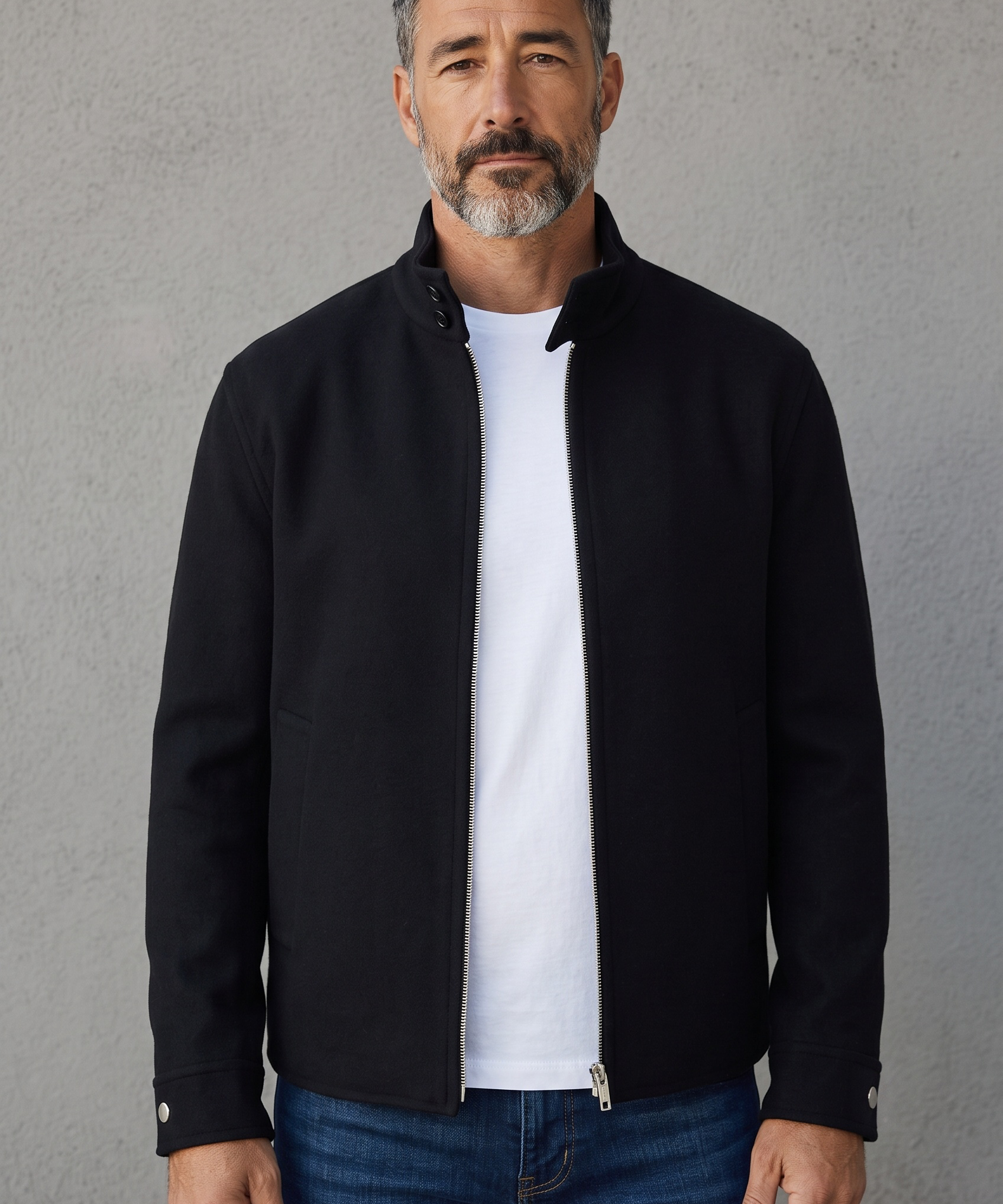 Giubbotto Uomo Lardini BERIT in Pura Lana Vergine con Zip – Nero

#####

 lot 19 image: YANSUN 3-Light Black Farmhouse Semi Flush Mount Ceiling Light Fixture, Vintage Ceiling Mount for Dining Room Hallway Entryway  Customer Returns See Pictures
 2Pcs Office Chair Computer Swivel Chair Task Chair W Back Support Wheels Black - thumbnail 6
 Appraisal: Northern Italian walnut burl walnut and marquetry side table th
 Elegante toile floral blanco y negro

#####

-- Exercise aim --
Copy, from the data above, every line where the word "Black" appears.

-- The completed task --
 lot 19 image: YANSUN 3-Light Black Farmhouse Semi Flush Mount Ceiling Light Fixture, Vintage Ceiling Mount for Dining Room Hallway Entryway  Customer Returns See Pictures
 2Pcs Office Chair Computer Swivel Chair Task Chair W Back Support Wheels Black - thumbnail 6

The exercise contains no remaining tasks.